The Leading Indicators Hiding in Your CRM

Revenue is a lagging indicator — by the time it moves, the cause is months old. Your CRM is full of leading ones.

Sarah JohnsonAugust 19, 2025

Lagging indicators arrive too late to act on

Revenue, closed deals, and churn are lagging indicators: they report outcomes after the fact, when it is too late to change them. Managing a business by lagging indicators alone is like driving by looking only in the rearview mirror. You see clearly where you have been and nothing of where you are going.

The value of leading indicators is that they move first, giving you time to respond before the outcome is locked in. A leader who watches only revenue is always reacting to old news.

Activity and pipeline lead revenue

Upstream of revenue sit indicators that predict it: new pipeline created, deals advancing between stages, engagement from key accounts. These move weeks or months before revenue does, so watching them lets you spot a coming shortfall while there is still time to fix it.

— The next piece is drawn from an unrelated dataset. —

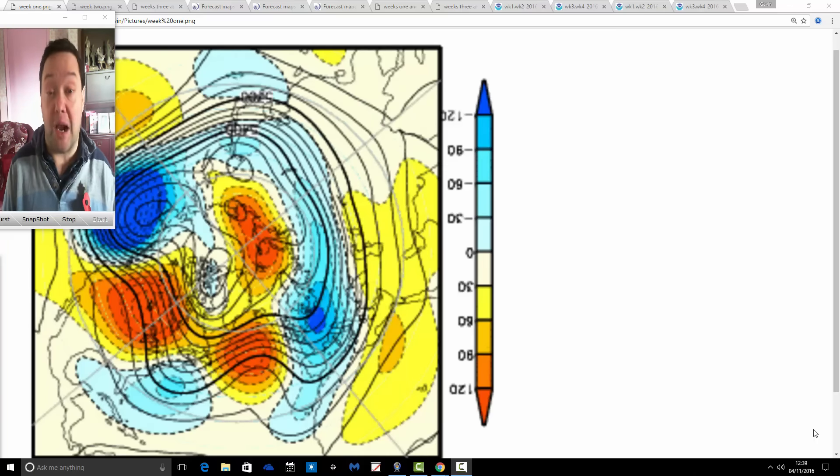So we're going to have a look at the JMA model first. We're also going to have a look at CFS B2 and compare the two to see what they're showing for the month ahead.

The trick is identifying which upstream metrics actually predict your revenue, which requires looking back at what preceded past good and bad quarters. Not every activity metric is predictive; find the ones that are and watch those.

Build a dashboard around what leads

Once you know your leading indicators, build your primary dashboard around them rather than around the comforting but useless lagging numbers. The goal is a view that warns you early, so your daily attention goes to the metrics you can still influence rather than the ones already set in stone.

This shift — from watching results to watching their causes — is what separates reactive management from proactive management. The data is already in your CRM; the discipline is choosing to look at the part that predicts the future.